Ojalá nadie tuviera que ser un héroe, que no hubiera a nadie a quién salvar, ni tumbas tempranas que visitar, que ser un héroe te convierte en víctima en estos tiempos. Se acabaron las condecoraciones, los “sir”, hoy todos somos públicamente anónimos, testigos de cómo la humanidad se estrella una vez más. Y quizá, en esta ocasión, nos deberíamos replantear con un café el concepto de humanidad, se lo digo totalmente en serio. Ser mansos e inofensivos ante las desgracias nunca aportó nada bueno. ¿Quién nos va a salvar sino somos nosotros mismos?

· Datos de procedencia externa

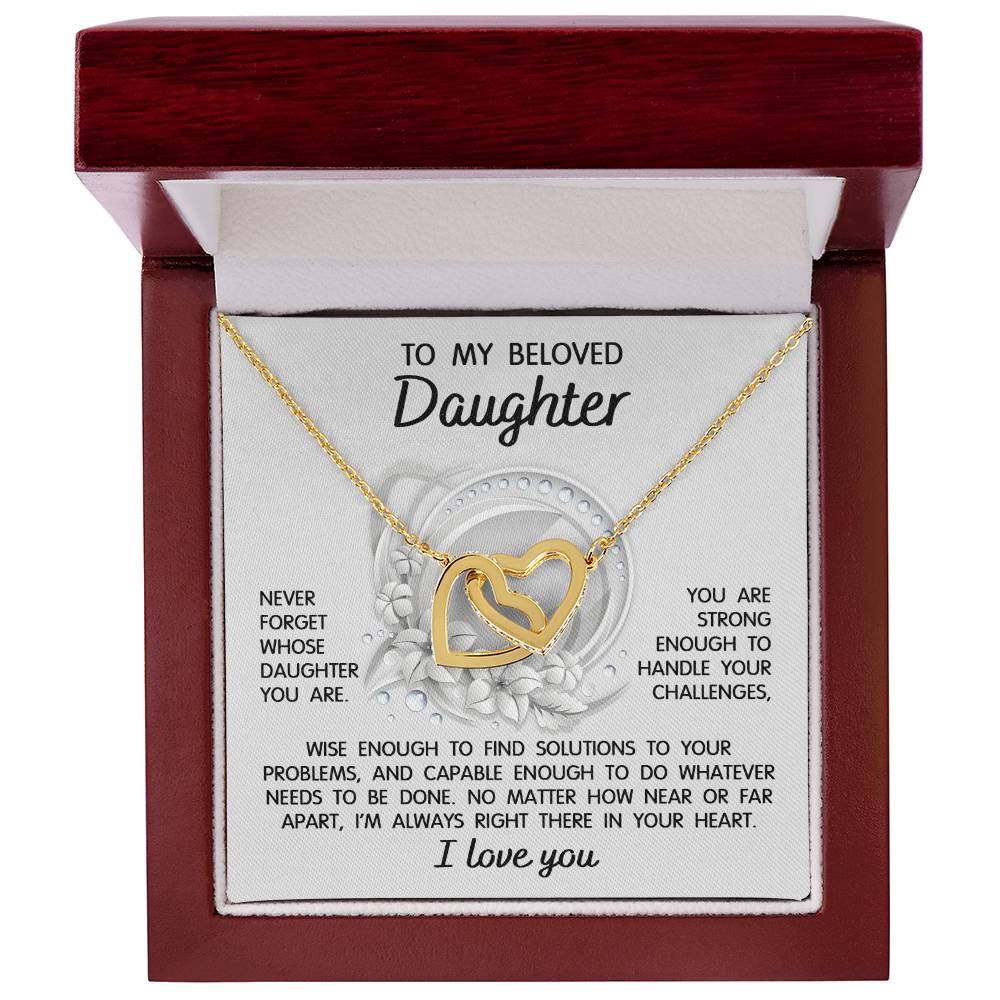 The "To Daughter, Always Right There - Interlocking Hearts Necklace" features a stunning interlocking hearts design with a rose gold finish and sparkling cubic zirconia crystals. It comes in a gift box that includes a heartfelt message for your beloved daughter, offering support, wisdom, and love.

No quiero más cafés de despedida, no quiero más cafés amargos entre líderes cínicos y con el corazón más agrio aún, no quiero más lágrimas derramadas sobre un café cuando a una madre o a una esposa le digan que su hijo murió en el frente, que un coche bomba en Siria le alcanzó, que en las aguas de Libia pereció, que atascado en Lesbos se quedó. No quiero más Aylanes ahogándose en mares de café, tan oscuros y cargados que uno no sabe con exactitud cuántas historias truncadas yacen en el fondo convertidas en simples posos de vida. No quiero más ataques xenófobos por tener la piel del color del café, no quiero ver a la humanidad truncándose una vez más en el África negra dónde miles de niños soldados han vendido su futuro cada día, donde los diamantes de sangre son la moneda de cambio y el pan de cada día.

Una cosa debería estar clara: el café, expreso, la humanidad, no.